Father Josiah Okal: the “Bake Mekoro”

January 1, 2024 was a sad day for both the Warao community and the Consolata Missionaries, because it was the day of the unexpected and tragic death of Father Josiah Okal. They called him “Bake Mekoro” –“Black Father” in the Warao language–; he spent the 25 years of his priestly ministry in his “beloved” Venezuela, and much of this time among the Warao people. 

In addition to having received Venezuelan nationality, he was also a great scholar of the Warao language and culture and an expert in their habits and customs. Father Okal was in love with these people and left an indelible mark on the people and communities he accompanied during the many years of his missionary service in this country so far from his Kenya. 

Warao community prays at the grave of Father Kokal

It is therefore not surprising that, in the commemoration of the first year of his departure, at the Eucharist presided by the Bishop of the Vicariate of Tucupita, Monsignor Ernesto Romero, many members of the different Warao communities were present to pay homage, with much gratitude, to the one who was a pastor, a dear friend, a counselor, a promoter of ancestral and traditional values, a tireless announcer of the Gospel of Jesus. 

“We must learn to love these people,” he constantly repeated to those who shared the work of the indigenous pastoral care of the Vicariate. He always told the Warao to “not always cry and complain about the difficulties,” but to raise their heads and fight for their rights. 

 Gratitude, supplication and discernment were the three words that the Bishop emphasized during the homily and that were echoed in some testimonies of people who were close to Father Okal and shared time with Him. 

Ernesto Romero, bishop of the Vicariate of Tucupita with a group of Consolata missionaries.

The Eucharistic celebration, accompanied by catechists and animators of the Warao communities, had some significant gestures such as the enthronement of the Word, songs in the native language and the traditional dance next to his tomb in one of the naves of the parish of San José in Tucupita.
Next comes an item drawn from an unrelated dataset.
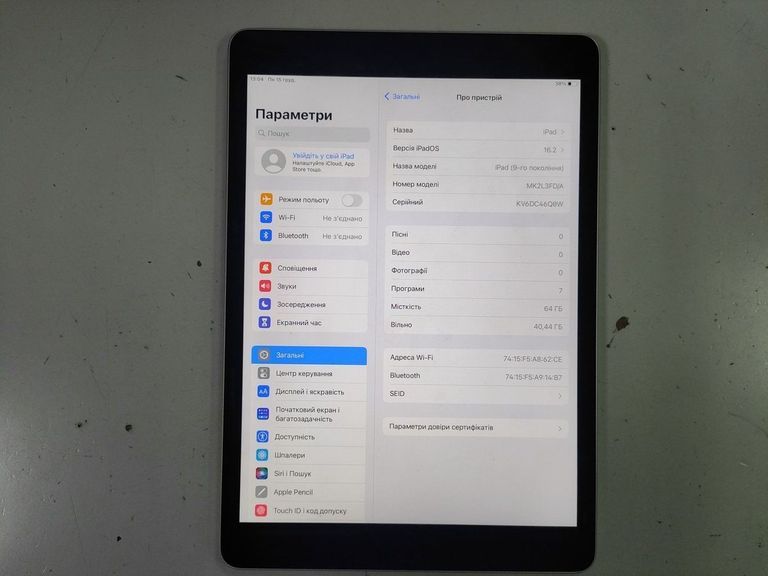 Apple ipad 10.2 2021 wi-fi 64gb Код:01-200825700. Зображення 5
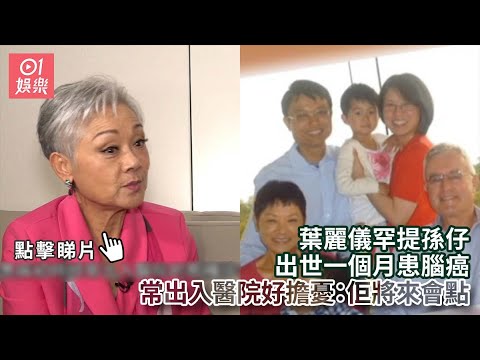葉麗儀罕提孫仔出世一個月患腦癌　常出入醫院好擔憂：佢將來會點｜01娛樂｜葉麗儀｜王凌燕｜香港藝人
The dance accompanies the deceased in the beginning of the journey in search of his ancestors, but also makes him present when the community gathers and dances again in his honor. 

“Yi ka Bare are jese” you are our priest forever, they wrote on the commemorative poster, because, as one of them explained: “you have become one with us and you are buried in our land”. 

 This was the life of “Bare mekoro” Okal, a Consolata Missionary who taught that the mission ad gentes is also “ad vitam, ad extra, ad pauperes”. Even after a year he left us, he is still very present among the Warao, and he is their priest forever. 

* Juan Pablo de los Ríos, IMC, General Councilor for America.

Father Kokal’s tomb in Tucupita, Venezuela.